--- Problem requirements ---
Exactly as written, copy the lines that run from the start of the data below to the line containing "developing and", both ends included.

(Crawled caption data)
↓↓↓

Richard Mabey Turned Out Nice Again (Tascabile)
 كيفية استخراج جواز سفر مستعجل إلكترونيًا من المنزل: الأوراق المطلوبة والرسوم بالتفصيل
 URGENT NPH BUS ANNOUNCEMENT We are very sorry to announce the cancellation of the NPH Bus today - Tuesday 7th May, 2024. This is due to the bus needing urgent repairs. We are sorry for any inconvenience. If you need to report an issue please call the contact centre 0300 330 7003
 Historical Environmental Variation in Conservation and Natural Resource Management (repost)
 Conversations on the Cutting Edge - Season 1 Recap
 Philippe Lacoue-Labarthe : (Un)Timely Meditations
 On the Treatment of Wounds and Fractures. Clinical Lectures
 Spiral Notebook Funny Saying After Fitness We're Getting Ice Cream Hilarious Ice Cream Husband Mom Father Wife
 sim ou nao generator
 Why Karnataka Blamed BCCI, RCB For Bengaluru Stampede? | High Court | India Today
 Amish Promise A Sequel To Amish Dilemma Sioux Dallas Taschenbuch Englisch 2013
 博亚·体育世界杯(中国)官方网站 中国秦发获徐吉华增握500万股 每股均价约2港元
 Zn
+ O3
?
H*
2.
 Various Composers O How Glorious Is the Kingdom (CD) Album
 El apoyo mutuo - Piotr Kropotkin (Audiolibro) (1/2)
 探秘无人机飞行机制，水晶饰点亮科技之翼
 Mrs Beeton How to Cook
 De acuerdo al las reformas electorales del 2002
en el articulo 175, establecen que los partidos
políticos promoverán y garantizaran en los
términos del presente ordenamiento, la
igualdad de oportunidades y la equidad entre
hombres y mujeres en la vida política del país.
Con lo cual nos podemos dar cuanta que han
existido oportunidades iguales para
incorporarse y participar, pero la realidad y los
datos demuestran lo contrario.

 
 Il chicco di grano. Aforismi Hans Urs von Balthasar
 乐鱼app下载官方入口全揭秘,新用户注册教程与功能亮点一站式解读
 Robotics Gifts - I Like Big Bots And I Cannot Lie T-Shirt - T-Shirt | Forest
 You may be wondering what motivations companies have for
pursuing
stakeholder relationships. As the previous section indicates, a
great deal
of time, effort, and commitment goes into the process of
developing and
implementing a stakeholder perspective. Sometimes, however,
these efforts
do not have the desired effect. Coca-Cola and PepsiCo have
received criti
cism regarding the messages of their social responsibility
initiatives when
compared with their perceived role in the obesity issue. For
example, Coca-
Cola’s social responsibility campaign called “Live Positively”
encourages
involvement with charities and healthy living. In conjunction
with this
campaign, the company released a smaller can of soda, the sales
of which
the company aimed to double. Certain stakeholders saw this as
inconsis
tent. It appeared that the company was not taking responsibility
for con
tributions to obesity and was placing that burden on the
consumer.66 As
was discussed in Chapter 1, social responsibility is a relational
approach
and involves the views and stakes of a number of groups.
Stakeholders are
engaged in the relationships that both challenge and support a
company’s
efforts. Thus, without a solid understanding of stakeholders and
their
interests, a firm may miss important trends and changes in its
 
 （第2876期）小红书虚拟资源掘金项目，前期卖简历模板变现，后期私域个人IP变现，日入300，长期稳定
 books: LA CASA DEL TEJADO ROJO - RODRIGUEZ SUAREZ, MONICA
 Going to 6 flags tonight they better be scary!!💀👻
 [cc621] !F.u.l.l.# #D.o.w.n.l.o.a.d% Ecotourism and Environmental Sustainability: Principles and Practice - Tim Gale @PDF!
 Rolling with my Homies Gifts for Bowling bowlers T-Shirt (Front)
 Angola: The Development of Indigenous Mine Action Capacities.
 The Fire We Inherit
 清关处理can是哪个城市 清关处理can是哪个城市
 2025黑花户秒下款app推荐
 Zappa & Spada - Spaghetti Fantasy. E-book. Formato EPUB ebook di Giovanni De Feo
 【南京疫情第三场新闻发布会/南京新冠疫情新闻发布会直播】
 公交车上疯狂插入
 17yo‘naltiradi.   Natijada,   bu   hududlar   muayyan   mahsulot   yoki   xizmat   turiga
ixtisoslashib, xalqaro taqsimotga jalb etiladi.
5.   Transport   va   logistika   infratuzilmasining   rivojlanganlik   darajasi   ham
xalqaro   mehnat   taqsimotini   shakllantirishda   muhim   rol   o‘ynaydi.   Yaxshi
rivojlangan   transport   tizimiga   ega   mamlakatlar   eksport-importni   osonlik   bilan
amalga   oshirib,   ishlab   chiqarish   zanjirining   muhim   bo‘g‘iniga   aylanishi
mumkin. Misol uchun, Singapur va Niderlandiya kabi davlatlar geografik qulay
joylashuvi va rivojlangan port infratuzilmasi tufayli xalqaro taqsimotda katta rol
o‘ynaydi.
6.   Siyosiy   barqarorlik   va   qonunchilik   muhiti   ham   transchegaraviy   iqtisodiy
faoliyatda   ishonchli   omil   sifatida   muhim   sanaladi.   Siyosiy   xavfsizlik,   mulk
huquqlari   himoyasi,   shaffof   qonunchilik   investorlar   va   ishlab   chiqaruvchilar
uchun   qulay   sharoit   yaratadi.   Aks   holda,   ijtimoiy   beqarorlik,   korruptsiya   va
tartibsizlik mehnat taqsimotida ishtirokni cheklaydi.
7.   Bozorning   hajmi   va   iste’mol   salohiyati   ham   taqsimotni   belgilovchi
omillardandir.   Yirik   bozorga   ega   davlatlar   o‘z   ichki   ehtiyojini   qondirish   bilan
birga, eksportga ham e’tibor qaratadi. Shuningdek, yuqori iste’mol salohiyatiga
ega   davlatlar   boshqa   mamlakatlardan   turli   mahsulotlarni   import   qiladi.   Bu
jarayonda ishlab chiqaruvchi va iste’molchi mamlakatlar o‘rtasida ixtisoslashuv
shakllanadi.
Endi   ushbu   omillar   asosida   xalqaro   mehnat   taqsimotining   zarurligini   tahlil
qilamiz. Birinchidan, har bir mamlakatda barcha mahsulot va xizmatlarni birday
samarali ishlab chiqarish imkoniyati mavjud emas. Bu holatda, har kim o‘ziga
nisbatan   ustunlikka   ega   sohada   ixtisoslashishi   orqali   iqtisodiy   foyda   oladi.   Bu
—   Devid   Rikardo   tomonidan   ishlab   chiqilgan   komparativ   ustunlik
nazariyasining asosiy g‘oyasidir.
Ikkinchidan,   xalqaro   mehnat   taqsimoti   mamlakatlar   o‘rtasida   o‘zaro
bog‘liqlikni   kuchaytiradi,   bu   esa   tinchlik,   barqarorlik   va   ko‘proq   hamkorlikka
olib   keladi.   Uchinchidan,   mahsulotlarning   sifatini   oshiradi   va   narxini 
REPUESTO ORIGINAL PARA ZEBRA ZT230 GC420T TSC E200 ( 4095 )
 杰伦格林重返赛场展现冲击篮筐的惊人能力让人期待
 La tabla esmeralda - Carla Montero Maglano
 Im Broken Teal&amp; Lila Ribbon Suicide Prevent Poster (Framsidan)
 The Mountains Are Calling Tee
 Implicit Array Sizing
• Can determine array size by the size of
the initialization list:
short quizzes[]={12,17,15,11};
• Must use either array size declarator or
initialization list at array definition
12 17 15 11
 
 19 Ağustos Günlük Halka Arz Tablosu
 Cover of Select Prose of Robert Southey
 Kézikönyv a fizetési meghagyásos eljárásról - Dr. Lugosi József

↑↑↑

--- Final answer ---
Richard Mabey Turned Out Nice Again (Tascabile)
 كيفية استخراج جواز سفر مستعجل إلكترونيًا من المنزل: الأوراق المطلوبة والرسوم بالتفصيل
 URGENT NPH BUS ANNOUNCEMENT We are very sorry to announce the cancellation of the NPH Bus today - Tuesday 7th May, 2024. This is due to the bus needing urgent repairs. We are sorry for any inconvenience. If you need to report an issue please call the contact centre 0300 330 7003
 Historical Environmental Variation in Conservation and Natural Resource Management (repost)
 Conversations on the Cutting Edge - Season 1 Recap
 Philippe Lacoue-Labarthe : (Un)Timely Meditations
 On the Treatment of Wounds and Fractures. Clinical Lectures
 Spiral Notebook Funny Saying After Fitness We're Getting Ice Cream Hilarious Ice Cream Husband Mom Father Wife
 sim ou nao generator
 Why Karnataka Blamed BCCI, RCB For Bengaluru Stampede? | High Court | India Today
 Amish Promise A Sequel To Amish Dilemma Sioux Dallas Taschenbuch Englisch 2013
 博亚·体育世界杯(中国)官方网站 中国秦发获徐吉华增握500万股 每股均价约2港元
 Zn
+ O3
?
H*
2.
 Various Composers O How Glorious Is the Kingdom (CD) Album
 El apoyo mutuo - Piotr Kropotkin (Audiolibro) (1/2)
 探秘无人机飞行机制，水晶饰点亮科技之翼
 Mrs Beeton How to Cook
 De acuerdo al las reformas electorales del 2002
en el articulo 175, establecen que los partidos
políticos promoverán y garantizaran en los
términos del presente ordenamiento, la
igualdad de oportunidades y la equidad entre
hombres y mujeres en la vida política del país.
Con lo cual nos podemos dar cuanta que han
existido oportunidades iguales para
incorporarse y participar, pero la realidad y los
datos demuestran lo contrario.

 
 Il chicco di grano. Aforismi Hans Urs von Balthasar
 乐鱼app下载官方入口全揭秘,新用户注册教程与功能亮点一站式解读
 Robotics Gifts - I Like Big Bots And I Cannot Lie T-Shirt - T-Shirt | Forest
 You may be wondering what motivations companies have for
pursuing
stakeholder relationships. As the previous section indicates, a
great deal
of time, effort, and commitment goes into the process of
developing and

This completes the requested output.